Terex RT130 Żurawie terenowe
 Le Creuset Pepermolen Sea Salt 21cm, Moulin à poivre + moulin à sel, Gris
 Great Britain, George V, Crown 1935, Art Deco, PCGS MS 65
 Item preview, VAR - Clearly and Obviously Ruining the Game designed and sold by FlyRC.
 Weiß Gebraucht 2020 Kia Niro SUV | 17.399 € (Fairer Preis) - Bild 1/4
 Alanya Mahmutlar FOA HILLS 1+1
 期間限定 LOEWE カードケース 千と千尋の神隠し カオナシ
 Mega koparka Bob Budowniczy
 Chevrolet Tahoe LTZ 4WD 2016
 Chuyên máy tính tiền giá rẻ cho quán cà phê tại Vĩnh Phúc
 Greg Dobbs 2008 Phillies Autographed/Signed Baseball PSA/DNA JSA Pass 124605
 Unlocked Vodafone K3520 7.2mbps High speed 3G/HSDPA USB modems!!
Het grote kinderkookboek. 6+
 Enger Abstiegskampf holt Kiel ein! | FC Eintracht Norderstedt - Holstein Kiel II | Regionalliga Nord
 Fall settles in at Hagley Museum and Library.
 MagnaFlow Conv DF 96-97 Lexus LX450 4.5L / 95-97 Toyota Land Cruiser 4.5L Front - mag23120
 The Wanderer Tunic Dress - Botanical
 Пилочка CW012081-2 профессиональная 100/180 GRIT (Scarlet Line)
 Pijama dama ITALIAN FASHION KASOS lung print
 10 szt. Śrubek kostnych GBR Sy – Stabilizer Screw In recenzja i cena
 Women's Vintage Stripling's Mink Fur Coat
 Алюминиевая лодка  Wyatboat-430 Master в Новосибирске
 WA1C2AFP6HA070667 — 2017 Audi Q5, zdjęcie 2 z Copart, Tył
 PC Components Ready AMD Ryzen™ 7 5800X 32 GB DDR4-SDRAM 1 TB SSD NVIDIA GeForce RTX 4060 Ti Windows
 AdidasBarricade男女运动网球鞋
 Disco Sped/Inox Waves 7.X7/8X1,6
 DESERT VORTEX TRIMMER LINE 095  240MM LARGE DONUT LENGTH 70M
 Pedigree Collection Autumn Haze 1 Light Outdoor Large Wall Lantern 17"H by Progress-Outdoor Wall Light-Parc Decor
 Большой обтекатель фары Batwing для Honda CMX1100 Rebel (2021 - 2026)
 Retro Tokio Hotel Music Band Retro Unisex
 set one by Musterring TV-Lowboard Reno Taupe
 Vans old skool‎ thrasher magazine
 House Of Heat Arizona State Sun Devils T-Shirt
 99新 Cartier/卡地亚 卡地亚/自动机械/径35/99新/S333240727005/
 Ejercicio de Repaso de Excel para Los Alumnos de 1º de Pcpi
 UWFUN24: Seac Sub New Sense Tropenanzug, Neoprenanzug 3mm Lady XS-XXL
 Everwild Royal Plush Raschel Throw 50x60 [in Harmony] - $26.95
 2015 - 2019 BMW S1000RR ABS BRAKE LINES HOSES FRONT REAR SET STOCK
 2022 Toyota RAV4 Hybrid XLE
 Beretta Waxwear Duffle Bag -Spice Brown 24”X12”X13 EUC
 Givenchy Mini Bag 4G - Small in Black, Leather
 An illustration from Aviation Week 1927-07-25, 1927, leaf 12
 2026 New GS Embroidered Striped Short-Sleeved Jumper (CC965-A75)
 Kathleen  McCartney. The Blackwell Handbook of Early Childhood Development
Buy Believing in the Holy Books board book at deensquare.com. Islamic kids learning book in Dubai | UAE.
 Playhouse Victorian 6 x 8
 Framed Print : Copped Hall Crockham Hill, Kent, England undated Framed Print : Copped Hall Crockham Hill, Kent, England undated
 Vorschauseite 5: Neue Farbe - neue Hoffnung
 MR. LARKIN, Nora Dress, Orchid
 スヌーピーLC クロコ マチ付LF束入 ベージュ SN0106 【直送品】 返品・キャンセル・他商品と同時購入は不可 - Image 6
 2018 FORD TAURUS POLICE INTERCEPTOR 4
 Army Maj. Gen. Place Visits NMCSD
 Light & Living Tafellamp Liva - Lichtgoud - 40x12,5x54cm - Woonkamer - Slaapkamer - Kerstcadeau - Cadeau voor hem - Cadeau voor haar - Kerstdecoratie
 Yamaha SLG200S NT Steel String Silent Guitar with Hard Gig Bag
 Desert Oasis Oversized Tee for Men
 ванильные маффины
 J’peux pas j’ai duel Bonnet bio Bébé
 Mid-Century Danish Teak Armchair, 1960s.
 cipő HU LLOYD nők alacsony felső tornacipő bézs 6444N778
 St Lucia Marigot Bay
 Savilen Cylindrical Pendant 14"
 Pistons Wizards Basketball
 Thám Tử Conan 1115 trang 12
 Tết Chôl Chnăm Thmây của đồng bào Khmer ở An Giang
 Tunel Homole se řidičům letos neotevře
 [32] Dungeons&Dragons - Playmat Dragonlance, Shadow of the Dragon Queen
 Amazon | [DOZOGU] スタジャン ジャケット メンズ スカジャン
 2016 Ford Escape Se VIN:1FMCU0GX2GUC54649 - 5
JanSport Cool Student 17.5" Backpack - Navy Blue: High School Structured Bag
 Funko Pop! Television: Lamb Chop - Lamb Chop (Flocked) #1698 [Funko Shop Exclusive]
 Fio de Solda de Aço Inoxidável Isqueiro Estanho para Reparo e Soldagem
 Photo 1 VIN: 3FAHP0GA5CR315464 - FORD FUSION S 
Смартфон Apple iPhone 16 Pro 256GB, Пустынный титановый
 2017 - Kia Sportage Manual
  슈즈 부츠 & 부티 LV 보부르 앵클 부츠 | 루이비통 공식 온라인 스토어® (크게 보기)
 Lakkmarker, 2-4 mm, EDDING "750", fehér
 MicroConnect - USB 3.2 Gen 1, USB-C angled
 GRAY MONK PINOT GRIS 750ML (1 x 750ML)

ACTION ITEM
Nothing but the lines from the line containing "2016 Ford Escape" through the final line of the entries should appear in your answer, copied exactly.

ANSWER FOR THE TASK
 2016 Ford Escape Se VIN:1FMCU0GX2GUC54649 - 5
JanSport Cool Student 17.5" Backpack - Navy Blue: High School Structured Bag
 Funko Pop! Television: Lamb Chop - Lamb Chop (Flocked) #1698 [Funko Shop Exclusive]
 Fio de Solda de Aço Inoxidável Isqueiro Estanho para Reparo e Soldagem
 Photo 1 VIN: 3FAHP0GA5CR315464 - FORD FUSION S 
Смартфон Apple iPhone 16 Pro 256GB, Пустынный титановый
 2017 - Kia Sportage Manual
  슈즈 부츠 & 부티 LV 보부르 앵클 부츠 | 루이비통 공식 온라인 스토어® (크게 보기)
 Lakkmarker, 2-4 mm, EDDING "750", fehér
 MicroConnect - USB 3.2 Gen 1, USB-C angled
 GRAY MONK PINOT GRIS 750ML (1 x 750ML)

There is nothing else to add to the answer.